(TASK STATEMENT): Return every line in the entries below where the word "Appartement" shows up.

----

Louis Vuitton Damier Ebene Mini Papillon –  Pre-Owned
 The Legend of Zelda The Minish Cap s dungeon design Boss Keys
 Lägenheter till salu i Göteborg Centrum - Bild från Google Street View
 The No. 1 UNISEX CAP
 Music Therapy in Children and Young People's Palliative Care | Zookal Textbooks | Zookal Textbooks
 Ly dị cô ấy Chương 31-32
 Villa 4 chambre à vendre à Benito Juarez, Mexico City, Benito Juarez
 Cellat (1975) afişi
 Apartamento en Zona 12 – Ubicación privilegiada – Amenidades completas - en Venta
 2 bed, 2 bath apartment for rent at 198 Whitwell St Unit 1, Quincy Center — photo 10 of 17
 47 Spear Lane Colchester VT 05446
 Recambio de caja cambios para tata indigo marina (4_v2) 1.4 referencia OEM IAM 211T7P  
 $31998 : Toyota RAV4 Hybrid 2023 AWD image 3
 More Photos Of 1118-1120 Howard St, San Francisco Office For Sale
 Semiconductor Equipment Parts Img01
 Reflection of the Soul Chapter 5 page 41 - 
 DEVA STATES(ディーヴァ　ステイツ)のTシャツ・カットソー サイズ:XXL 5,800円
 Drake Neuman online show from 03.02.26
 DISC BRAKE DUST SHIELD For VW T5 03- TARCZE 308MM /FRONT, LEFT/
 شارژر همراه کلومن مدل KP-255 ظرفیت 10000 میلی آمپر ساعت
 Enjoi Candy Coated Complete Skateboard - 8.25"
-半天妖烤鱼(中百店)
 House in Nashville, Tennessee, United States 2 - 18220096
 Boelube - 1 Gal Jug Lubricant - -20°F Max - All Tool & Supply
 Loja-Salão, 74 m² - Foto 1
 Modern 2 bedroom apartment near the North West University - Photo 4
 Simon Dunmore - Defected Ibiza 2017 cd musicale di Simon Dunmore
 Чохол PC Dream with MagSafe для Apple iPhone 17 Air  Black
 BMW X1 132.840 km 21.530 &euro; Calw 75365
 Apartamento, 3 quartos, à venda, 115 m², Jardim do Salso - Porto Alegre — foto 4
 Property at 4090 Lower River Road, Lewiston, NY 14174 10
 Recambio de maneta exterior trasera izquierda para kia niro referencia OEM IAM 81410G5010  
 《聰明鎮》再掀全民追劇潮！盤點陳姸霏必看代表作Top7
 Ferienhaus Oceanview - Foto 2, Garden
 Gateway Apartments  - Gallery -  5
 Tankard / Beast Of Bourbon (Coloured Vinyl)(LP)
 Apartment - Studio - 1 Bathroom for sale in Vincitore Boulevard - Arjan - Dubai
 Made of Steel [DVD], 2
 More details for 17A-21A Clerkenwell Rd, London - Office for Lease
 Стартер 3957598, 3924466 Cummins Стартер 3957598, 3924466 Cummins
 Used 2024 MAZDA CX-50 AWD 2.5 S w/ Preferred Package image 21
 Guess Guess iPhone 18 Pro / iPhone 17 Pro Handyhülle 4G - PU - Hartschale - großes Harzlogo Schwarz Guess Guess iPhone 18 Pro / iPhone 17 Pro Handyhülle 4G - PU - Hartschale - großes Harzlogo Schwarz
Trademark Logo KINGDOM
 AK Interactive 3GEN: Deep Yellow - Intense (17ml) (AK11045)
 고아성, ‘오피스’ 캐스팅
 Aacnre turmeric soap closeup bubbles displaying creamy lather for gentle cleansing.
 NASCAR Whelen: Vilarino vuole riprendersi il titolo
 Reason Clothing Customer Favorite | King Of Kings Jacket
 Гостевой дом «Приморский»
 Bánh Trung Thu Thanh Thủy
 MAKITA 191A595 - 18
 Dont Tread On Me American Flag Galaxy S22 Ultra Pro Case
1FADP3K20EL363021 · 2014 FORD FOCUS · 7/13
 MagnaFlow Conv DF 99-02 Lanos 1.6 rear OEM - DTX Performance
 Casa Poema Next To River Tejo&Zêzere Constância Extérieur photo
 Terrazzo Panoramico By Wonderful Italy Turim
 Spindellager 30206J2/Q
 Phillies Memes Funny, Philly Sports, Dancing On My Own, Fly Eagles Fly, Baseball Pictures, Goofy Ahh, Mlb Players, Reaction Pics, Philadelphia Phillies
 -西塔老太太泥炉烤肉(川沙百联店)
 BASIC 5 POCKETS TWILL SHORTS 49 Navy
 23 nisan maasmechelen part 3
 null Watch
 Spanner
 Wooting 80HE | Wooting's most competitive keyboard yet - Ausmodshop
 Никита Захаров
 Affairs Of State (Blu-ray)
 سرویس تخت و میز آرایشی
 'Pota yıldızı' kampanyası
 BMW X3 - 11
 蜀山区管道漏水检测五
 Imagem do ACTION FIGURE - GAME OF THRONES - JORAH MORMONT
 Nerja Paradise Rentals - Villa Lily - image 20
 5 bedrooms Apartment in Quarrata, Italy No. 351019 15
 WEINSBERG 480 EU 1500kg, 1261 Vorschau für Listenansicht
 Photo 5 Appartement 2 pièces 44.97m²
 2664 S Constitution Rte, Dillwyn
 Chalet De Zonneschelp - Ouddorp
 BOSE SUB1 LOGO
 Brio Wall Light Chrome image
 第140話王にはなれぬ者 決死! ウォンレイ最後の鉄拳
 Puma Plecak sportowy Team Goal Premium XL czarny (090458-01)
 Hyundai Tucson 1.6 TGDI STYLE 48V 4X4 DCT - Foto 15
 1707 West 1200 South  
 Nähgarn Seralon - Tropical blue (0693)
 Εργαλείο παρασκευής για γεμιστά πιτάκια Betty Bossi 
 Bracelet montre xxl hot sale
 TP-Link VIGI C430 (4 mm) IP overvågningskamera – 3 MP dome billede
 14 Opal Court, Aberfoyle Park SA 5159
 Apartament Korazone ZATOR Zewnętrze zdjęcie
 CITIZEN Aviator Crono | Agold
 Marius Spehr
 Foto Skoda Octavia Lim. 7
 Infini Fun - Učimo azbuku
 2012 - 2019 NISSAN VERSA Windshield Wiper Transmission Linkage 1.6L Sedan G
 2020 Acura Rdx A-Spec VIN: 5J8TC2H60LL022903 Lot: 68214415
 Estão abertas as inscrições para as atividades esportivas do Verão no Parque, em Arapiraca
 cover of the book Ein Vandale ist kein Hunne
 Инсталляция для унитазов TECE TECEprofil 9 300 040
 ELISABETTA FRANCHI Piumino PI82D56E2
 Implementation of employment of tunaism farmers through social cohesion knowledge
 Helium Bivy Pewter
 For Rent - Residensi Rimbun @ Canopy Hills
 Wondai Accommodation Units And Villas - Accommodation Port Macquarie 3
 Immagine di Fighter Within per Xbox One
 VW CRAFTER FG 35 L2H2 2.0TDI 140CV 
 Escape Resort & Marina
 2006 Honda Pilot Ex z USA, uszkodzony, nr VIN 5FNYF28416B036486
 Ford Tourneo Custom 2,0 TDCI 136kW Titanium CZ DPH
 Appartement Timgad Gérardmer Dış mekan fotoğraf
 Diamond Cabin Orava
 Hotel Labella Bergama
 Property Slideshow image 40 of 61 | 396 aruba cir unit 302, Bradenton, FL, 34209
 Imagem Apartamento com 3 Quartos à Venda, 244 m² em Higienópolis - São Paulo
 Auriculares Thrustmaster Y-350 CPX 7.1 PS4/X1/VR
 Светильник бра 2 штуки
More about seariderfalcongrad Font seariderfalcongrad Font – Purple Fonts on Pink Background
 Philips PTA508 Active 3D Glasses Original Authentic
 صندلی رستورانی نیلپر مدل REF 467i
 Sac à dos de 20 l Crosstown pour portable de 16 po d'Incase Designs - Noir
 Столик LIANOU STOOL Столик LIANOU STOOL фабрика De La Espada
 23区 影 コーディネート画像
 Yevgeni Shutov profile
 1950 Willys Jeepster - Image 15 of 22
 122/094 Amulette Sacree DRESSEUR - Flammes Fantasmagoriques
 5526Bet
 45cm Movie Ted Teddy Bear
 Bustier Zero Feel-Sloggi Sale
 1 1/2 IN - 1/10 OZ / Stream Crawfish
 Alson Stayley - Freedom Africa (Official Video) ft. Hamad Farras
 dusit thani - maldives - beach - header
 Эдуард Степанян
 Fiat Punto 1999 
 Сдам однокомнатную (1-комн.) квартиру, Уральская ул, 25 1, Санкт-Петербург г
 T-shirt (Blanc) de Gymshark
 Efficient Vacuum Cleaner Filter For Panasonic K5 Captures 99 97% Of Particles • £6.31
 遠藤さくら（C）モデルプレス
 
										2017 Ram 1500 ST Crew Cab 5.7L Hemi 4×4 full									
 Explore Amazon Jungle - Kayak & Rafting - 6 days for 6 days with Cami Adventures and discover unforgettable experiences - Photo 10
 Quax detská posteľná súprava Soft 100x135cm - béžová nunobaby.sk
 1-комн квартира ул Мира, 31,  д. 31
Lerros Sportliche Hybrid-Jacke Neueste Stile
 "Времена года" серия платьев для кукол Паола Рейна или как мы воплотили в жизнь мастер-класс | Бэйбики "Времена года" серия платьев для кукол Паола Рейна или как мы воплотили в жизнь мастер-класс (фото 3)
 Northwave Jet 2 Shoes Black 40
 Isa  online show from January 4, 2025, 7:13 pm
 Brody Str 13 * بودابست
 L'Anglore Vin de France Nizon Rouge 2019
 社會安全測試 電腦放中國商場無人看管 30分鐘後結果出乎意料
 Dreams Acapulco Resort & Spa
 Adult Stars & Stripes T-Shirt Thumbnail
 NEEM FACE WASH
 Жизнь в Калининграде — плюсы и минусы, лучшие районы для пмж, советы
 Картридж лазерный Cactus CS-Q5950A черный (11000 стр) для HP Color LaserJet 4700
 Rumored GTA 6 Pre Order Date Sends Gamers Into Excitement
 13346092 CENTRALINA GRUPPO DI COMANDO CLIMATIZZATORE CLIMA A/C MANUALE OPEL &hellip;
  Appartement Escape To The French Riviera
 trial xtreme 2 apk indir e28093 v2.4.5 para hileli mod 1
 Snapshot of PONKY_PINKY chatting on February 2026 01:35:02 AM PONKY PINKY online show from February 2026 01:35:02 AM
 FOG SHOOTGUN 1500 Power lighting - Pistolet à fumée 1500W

----

(ANSWER FOR THE TASK):
 Photo 5 Appartement 2 pièces 44.97m²
 Appartement Timgad Gérardmer Dış mekan fotoğraf
  Appartement Escape To The French Riviera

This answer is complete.